_Your goal_
Take the line that contains "Ver imagem 2" and every line below it to the end of the entries, and give them again exactly, leaving out any pictures.

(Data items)
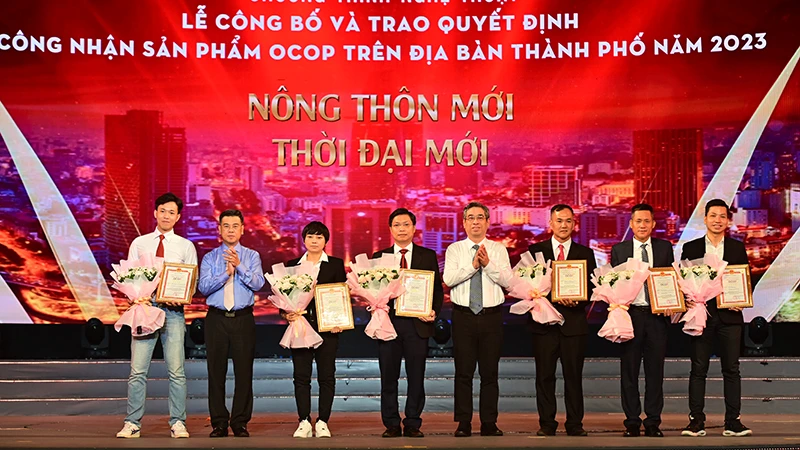 Trao quyết định công nhận sản phẩm OCOP trên địa bàn Thành phố Hồ Chí Minh năm 2023. (Ảnh: Quốc Thanh)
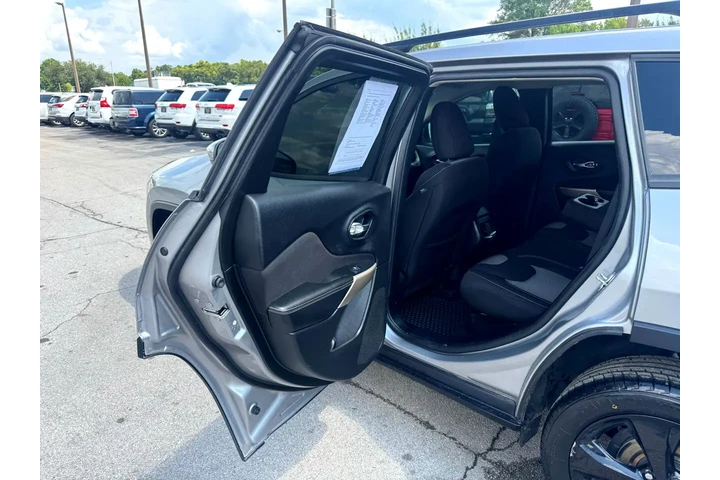 $10980 : 2018 Cherokee Latitude FWD image 10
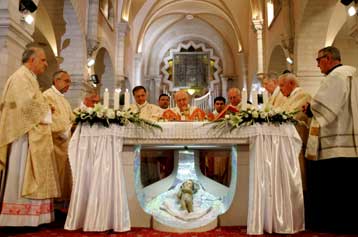 Υπέρ της ειρήνης στους Αγίους Τόπους το μήνυμα του Πάπα Βενέδικτου ΙΣτ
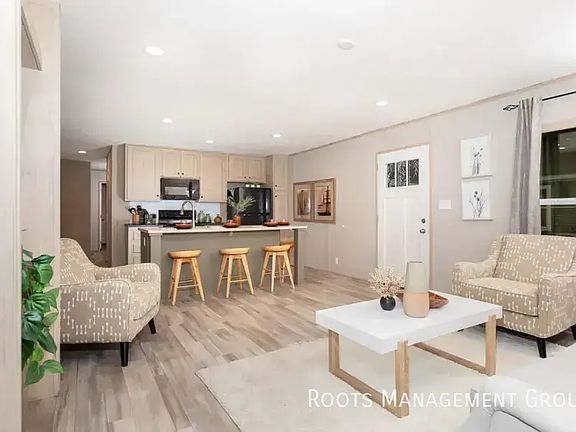 4th image of 3504 Vandora Dr #3504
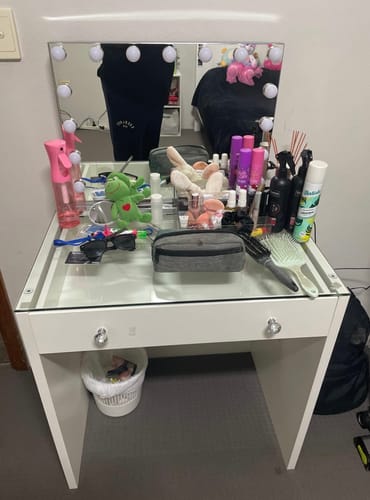 Customer photo review of Electra Vanity Table “Diamond”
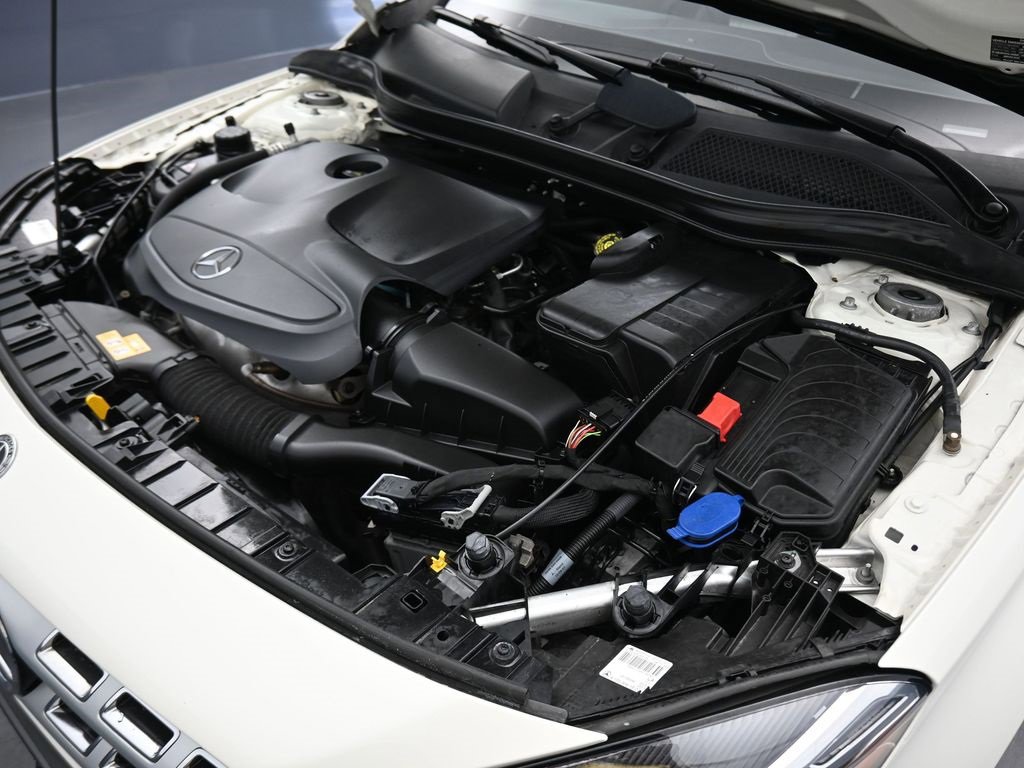 Used 2018 Mercedes-Benz GLA 250 4MATIC image 50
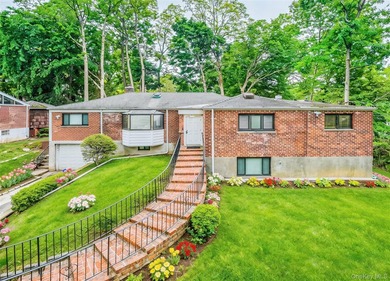 Located in the heart of Great Neck Village, this impeccably - photo 1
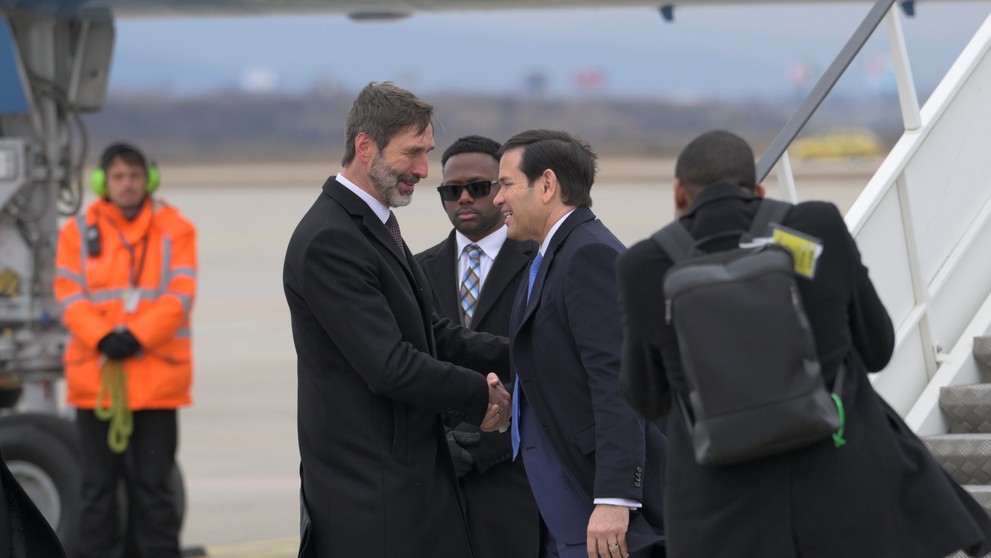 Minister zahraničných vecí a európskych záležitostí SR Juraj Blanár (Smer-SD) víta amerického ministra zahraničných vecí Marca Rubia na bratislavskom Letisku Milana Rastislava Štefánika.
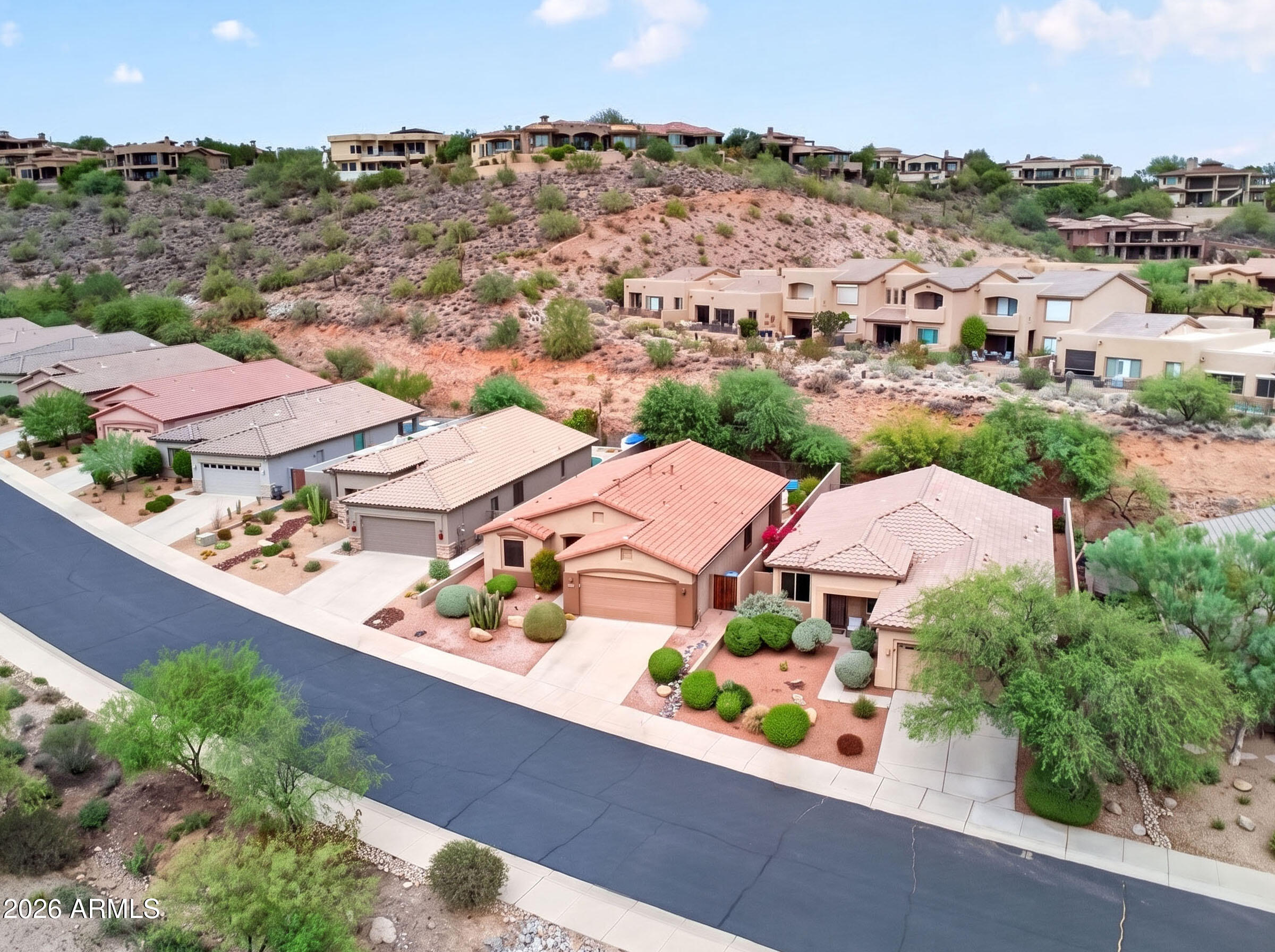 9811 N DESERT ROSE Drive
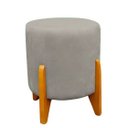 Ver imagem 2 de Puff Thor Pés Em Madeira Sued Cinza Claro - Kimi Design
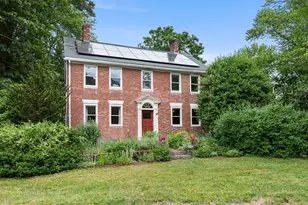 462 Ledge Rd, Seekonk, MA 02771 - Photo 1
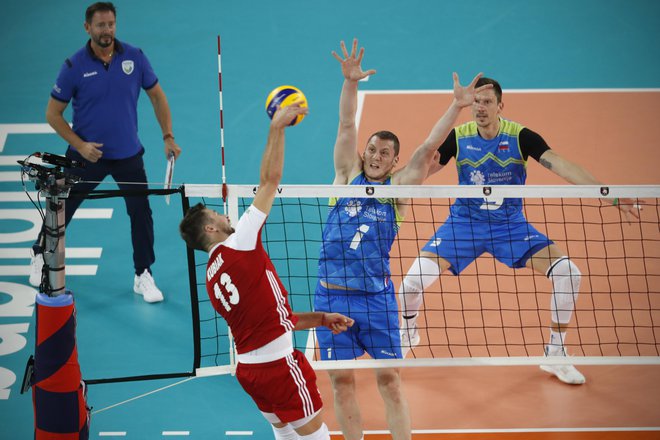 Tonček Štern ustavlja Michala Kubiaka med nepozabnim polfinalnim obračunom eurovolleyja 2019 v Ljubljani. FOTO: Uroš Hočevar/Delo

_Response to this exercise_
 Ver imagem 2 de Puff Thor Pés Em Madeira Sued Cinza Claro - Kimi Design
 462 Ledge Rd, Seekonk, MA 02771 - Photo 1
 Tonček Štern ustavlja Michala Kubiaka med nepozabnim polfinalnim obračunom eurovolleyja 2019 v Ljubljani. FOTO: Uroš Hočevar/Delo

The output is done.